Longe de se tratar de um silêncio de inocentes – porque ninguém é mesmo inocente nessa história -, trata-se de um silêncio, até certo ponto, premeditado, que tem sua finalidade, ainda que inconsciente. Da parte dos poderes, melhor, daqueles que lá se encontram, pode-se dizer que essa finalidade consistiria em manter o poder mediante a expectativa que o silêncio gera no seio da população. Da parte desta, melhor, dos muitos que nessa camada aspiram ao poder público, pode-se dizer que essa finalidade consistiria em manter a “amizade” com os “poderosos”, dando um notável exemplo de política de boa vizinhança. No inconsciente privativo dos poderes e da população – em termos de Brasil – tudo parece se passar assim: você não fala da minha vida nem eu falo da sua, nossa república será o bananal que sempre quisemos que fosse e nós, naturalmente, os bananas – e mais, para não perder o “gancho”: plantando bananeira enquanto o mundo explode por toda parte, inclusive na África e no Paraguai que um dia ajudamos a sacrificar.
Parece um contra-senso dizer tudo isso no país dos sem-terra, dos sem-teto, dos sem-passe de lotação, dos povos do cerrado etc, mas a questão é saber até que ponto podemos dizer que esses movimentos populares representam realmente a população brasileira, agem em nome dessa população. Numa cidade que concentra um número tão grande de estudantes de todos os níveis, como Montes Claros, não era tão grande o número de manifestantes na praça Dr. Carlos recentemente pelo meio-passe em lotação. Por outro lado, o movimento dos sem-terra continua demonizado por toda parte, sequer conseguindo avanços decisivos durante o Governo que seus membros também contribuíram para viabilizar. São exemplos que nos levam a repensar o conceito de população brasileira, a refletir sobre o que é realmente a população de um país de proporções continentais, marcado pela heterogeneidade. Talvez seja mesmo mais sensato falar em populações brasileiras, no plural, que em população brasileira, no singular.

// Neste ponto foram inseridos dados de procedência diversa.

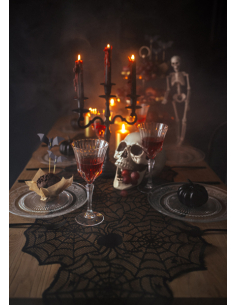Chemin de table Halloween de toile d'araignée, noir, 185x45cm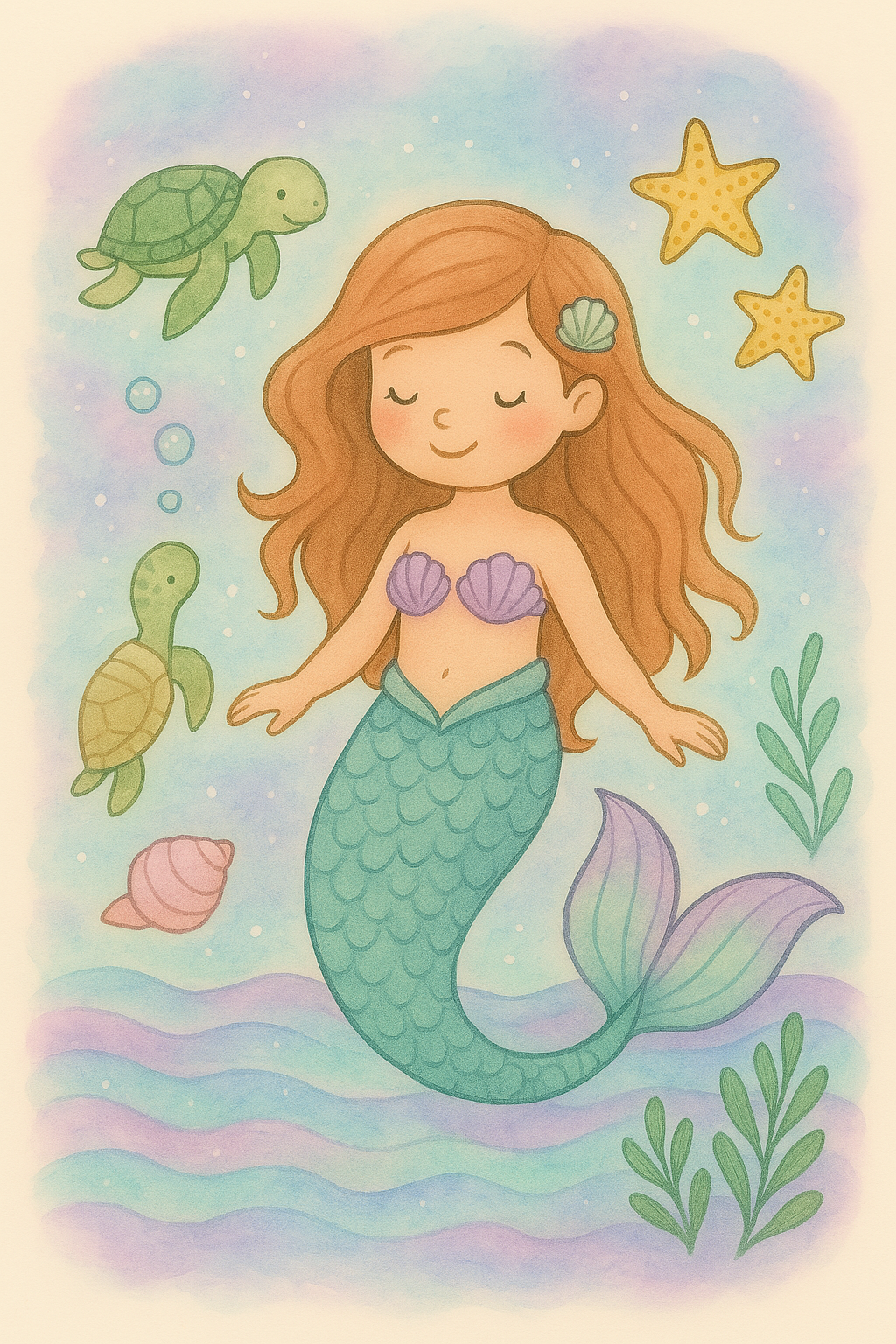 Cute Mermaid Wall Art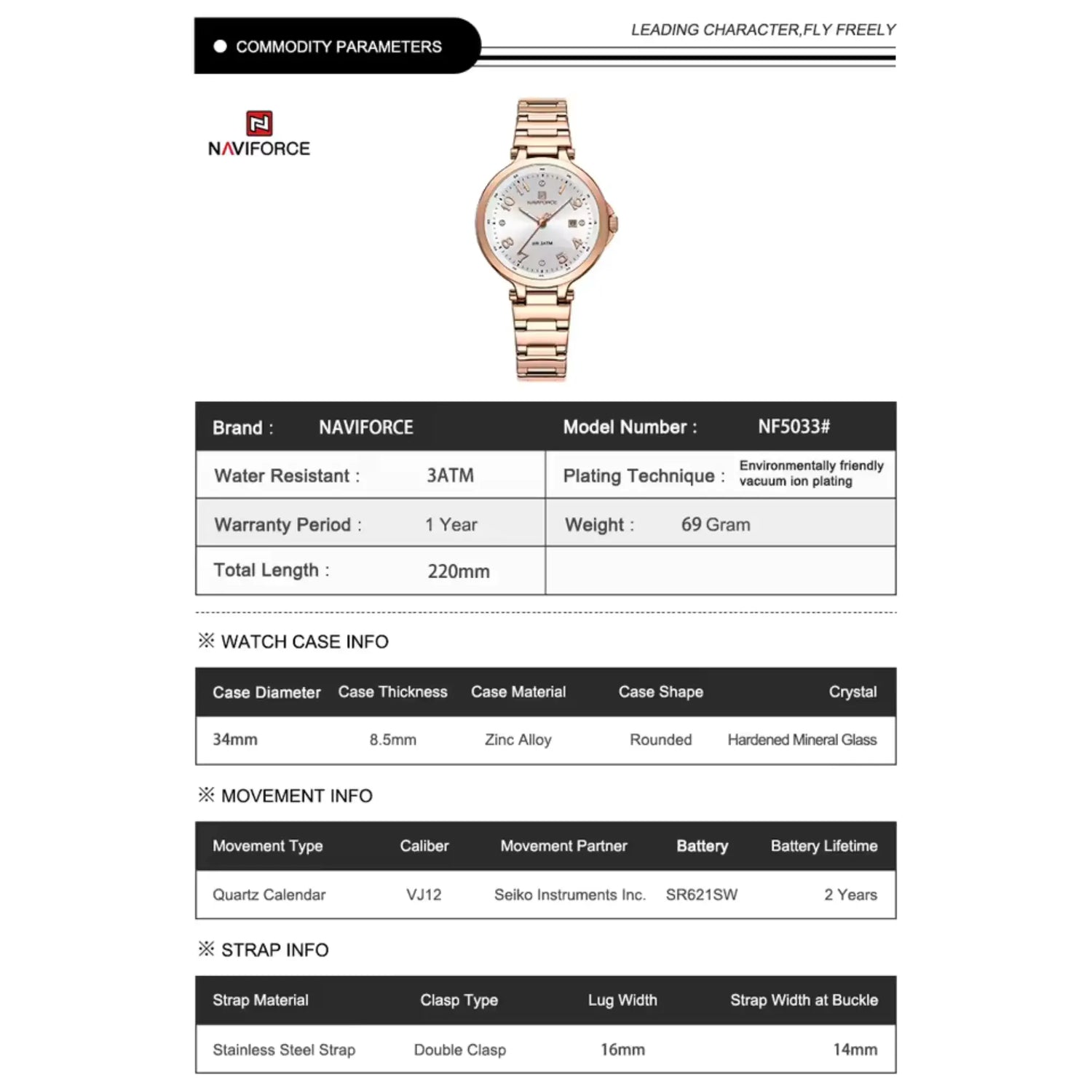 RELOJ ANALOGICO MUJER NF5059 NAVIFORCE PLATEADO CLASICO 1030876 NAVIFORCE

Aqueles que, dentro dos poderes instituídos ou dentro da população, rebelam-se, não constituem a regra, mas sim a exceção, e seu rebelamento é, sobretudo, contra a indiferença que caracteriza tanto uma dimensão quanto outra. Para os sem-terra, sem-teto e os sem-passe, ninguém está, de fato, do seu lado: nem governos nem população, sendo ambos indiferentes, portanto, à sua causa, descomprometidos com a reforma agrária, com o fim do déficit habitacional e com a redução, plenamente compreensível, do valor do passagem em lotação para quem se encontra, pelo menos em tese, num processo de preparação para conduzir a sociedade brasileira por melhores caminhos, os estudantes. Se esses grupos dos “sem” realmente confiassem na boa vontade dos políticos que ocupam provisoriamente os poderes públicos, realmente confiassem que eles estão comprometidos com a solução de problemas cruciais que se verificam na sociedade, não se rebelariam, ficariam de braços cruzados, assistindo novela e jogo de futebol, como a maior parte da população brasileira. A descrença é o alimento da rebeldia dos “sem”, tanto quanto a indiferença é o alimento dos “com”.